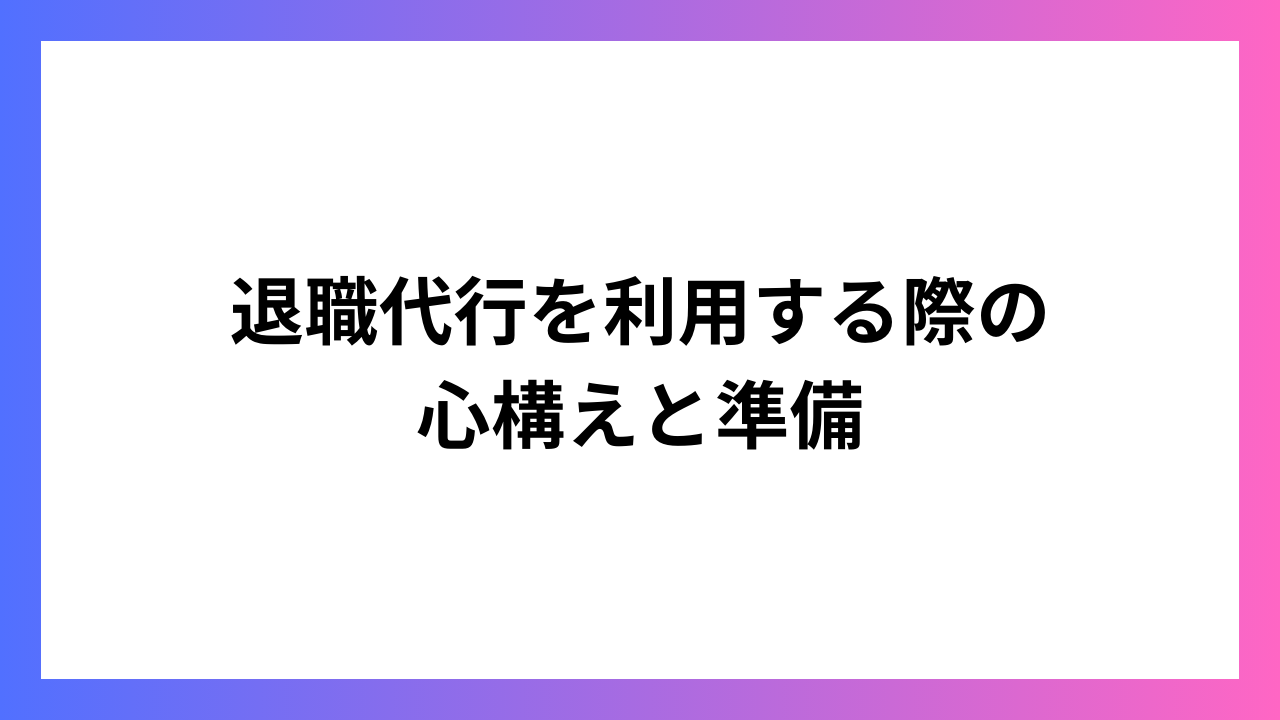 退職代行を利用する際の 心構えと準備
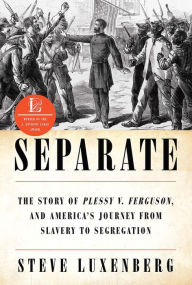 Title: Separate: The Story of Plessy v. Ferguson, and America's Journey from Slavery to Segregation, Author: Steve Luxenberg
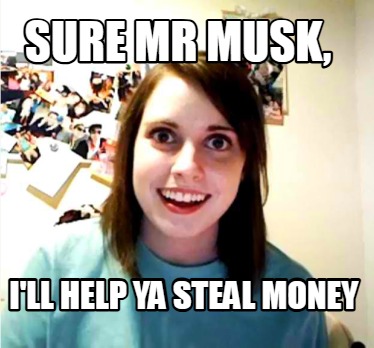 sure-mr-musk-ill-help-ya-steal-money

§

#### Activity:
Leave the images out as you retype each line of the material exactly.

#### Problem solution:
 退職代行を利用する際の 心構えと準備
 Title: Separate: The Story of Plessy v. Ferguson, and America's Journey from Slavery to Segregation, Author: Steve Luxenberg
 sure-mr-musk-ill-help-ya-steal-money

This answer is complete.